■ Task details
Which lines below mention "white"? Pick each one out.

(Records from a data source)
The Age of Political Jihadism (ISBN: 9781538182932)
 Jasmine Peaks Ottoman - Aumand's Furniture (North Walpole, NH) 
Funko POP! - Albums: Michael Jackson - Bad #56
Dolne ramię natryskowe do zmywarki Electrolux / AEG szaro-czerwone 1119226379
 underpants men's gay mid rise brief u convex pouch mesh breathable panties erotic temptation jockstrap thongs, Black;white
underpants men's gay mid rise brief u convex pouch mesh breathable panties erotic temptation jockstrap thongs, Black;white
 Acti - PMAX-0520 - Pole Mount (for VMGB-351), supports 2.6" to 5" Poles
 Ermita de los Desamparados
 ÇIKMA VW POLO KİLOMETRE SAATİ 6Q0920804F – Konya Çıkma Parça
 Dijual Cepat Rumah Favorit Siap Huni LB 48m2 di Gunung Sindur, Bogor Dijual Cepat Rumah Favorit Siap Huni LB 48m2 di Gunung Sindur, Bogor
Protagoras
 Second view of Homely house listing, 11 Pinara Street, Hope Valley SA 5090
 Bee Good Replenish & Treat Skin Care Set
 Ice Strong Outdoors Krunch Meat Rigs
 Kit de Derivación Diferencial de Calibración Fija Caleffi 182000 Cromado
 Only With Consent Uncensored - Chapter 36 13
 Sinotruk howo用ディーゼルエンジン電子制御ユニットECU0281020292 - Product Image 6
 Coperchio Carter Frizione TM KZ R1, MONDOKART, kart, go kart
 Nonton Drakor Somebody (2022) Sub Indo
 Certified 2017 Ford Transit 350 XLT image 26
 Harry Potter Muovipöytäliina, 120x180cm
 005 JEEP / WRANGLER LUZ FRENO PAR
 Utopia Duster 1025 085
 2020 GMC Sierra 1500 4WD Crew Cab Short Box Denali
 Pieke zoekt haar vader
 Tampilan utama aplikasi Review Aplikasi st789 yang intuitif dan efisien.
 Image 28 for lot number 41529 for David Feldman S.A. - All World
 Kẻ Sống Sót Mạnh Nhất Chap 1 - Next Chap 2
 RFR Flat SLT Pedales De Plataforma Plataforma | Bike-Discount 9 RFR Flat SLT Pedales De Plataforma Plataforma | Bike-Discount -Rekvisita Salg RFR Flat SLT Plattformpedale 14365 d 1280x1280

■ Solution to the exercise
 underpants men's gay mid rise brief u convex pouch mesh breathable panties erotic temptation jockstrap thongs, Black;white
underpants men's gay mid rise brief u convex pouch mesh breathable panties erotic temptation jockstrap thongs, Black;white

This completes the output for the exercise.